Omit every picture, then give all the entries again exactly.

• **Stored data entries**
──────

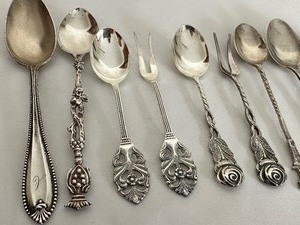 lot 84 image: Vintage Souvenir Spoons and More
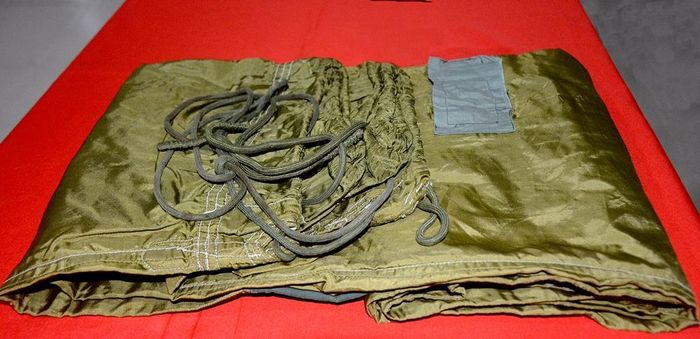  Chiếc võng dù - kỷ vật của nhà báo Đặng Minh Phương.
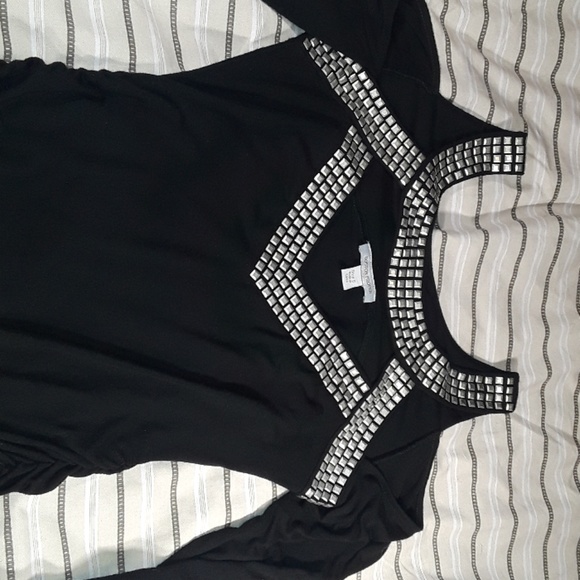 Boston Prosper black and meta l dress - Picture 3 of 8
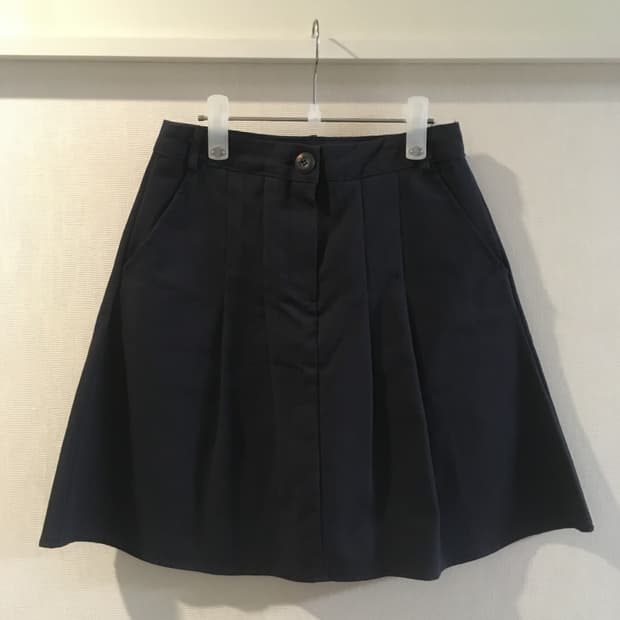 레터프롬문 핀턱 미디 스커트 네이비 S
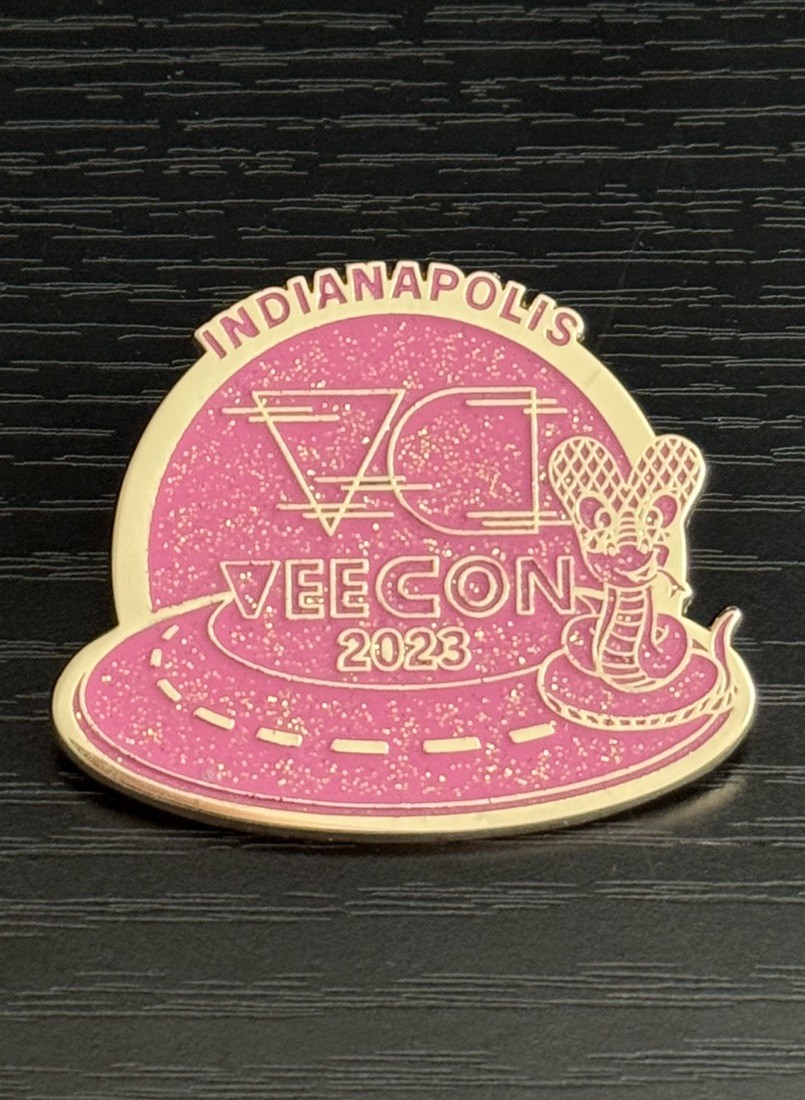 2023 VeeFriends Road To Veecon Pin -  Cosmic Pink Pin /55 Limited Edition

──────

• **RESPONSE**
 lot 84 image: Vintage Souvenir Spoons and More
  Chiếc võng dù - kỷ vật của nhà báo Đặng Minh Phương.
 Boston Prosper black and meta l dress - Picture 3 of 8
 레터프롬문 핀턱 미디 스커트 네이비 S
 2023 VeeFriends Road To Veecon Pin -  Cosmic Pink Pin /55 Limited Edition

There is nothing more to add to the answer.